Third, we must build on the existing social grant infrastructure and modernise it into a universal basic income grant system. Indeed, the government decision, widely supported, to channel money to households via the existing social grant system confirms an important point: social grants remain the best way to reach the poorest households.
However, countries are also looking at designing their social grant systems in intelligent and forward-looking ways. Finland, for example, is experimenting with Universal Basic Income (UBI), where citizens get a monthly stipend, not because they are poor but because they are Finnish. Their argument is this: as the world of work changes, more people will have non-full time jobs. The UBI just gives people a means to cope when their incomes are unstable. The tax system is adjusted to ‘claw back’ the UBI grant from people that are making a lot of money. And so it becomes a progressive tax that is relatively easy to administer.

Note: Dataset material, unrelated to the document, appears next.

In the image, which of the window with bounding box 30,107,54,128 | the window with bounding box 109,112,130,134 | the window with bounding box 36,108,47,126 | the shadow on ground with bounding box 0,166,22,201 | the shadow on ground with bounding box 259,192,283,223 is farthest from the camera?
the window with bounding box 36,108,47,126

In South Africa, we have a substantial social grant system (costing 4% of GDP) but with severe limitations. It goes to pensioners and children, but not to working-age people. Further, it requires expensive and inefficient means-testing supposedly to screen out the ‘undeserving poor’ but ends up forcing people to choose between a guaranteed small grant or looking for paid work.
This is an illogical approach since we want people to look for jobs; the grant should simply be a means to ensure they can pay for food, clothes and transport (to search for that job). Hence it must be possible to both get a small grant and remain active in the job market. We can do this through spreading the existing social grant budget of R200-billion across a wider population, while fixing the overall grant budget as a percentage of GDP. And, yes, it will need a national agreement to make sure the poor are better off in net terms.
Fourth, the state needs to get into a fit condition to play its developmental role. It has been refreshing to see how Ramaphosa was able to move with speed in responding to Covid-19. However, part of the reason for the speed is that ability to cut through red tape and bureaucracy through the use of disaster management regulations. The emergency legislation allowed him to speed up normal government processes tenfold.
Imagine how much more effective South Africa would have been if we treated the ‘usual’ massive unemployment crisis in this manner, as a national emergency? Perhaps the difference is that Covid-19 threatens the rich and middle classes?
The lesson is that with both the political will and less red tape, it is possible for the state to undertake brisk and substantial measures to fast-track economic reform and employment promotion.
Clearly the state also needs to free up resources to address long-term vulnerabilities and economic reforms. If the political will had been there, say in 2006, this would have been a much easier discussion. Now heavily indebted and with poor credit ratings, the state will have to substantially downsize its cost structure. No doubt any funds freed up will have to go towards debt repayment (including for payment of the Covid-19 emergency bill). However, if the cuts are strategic enough to remove a lot of the waste and duplication, the state could carve out enough funding to kickstart its own contribution to a meaningful economic reform programme.
Fifth, no matter how deep the state delves into its constrained resources, this will pale in comparison to the capital available in the private sector. Simply put, no action of the state will bear fruit if it is not followed promptly by the private sector.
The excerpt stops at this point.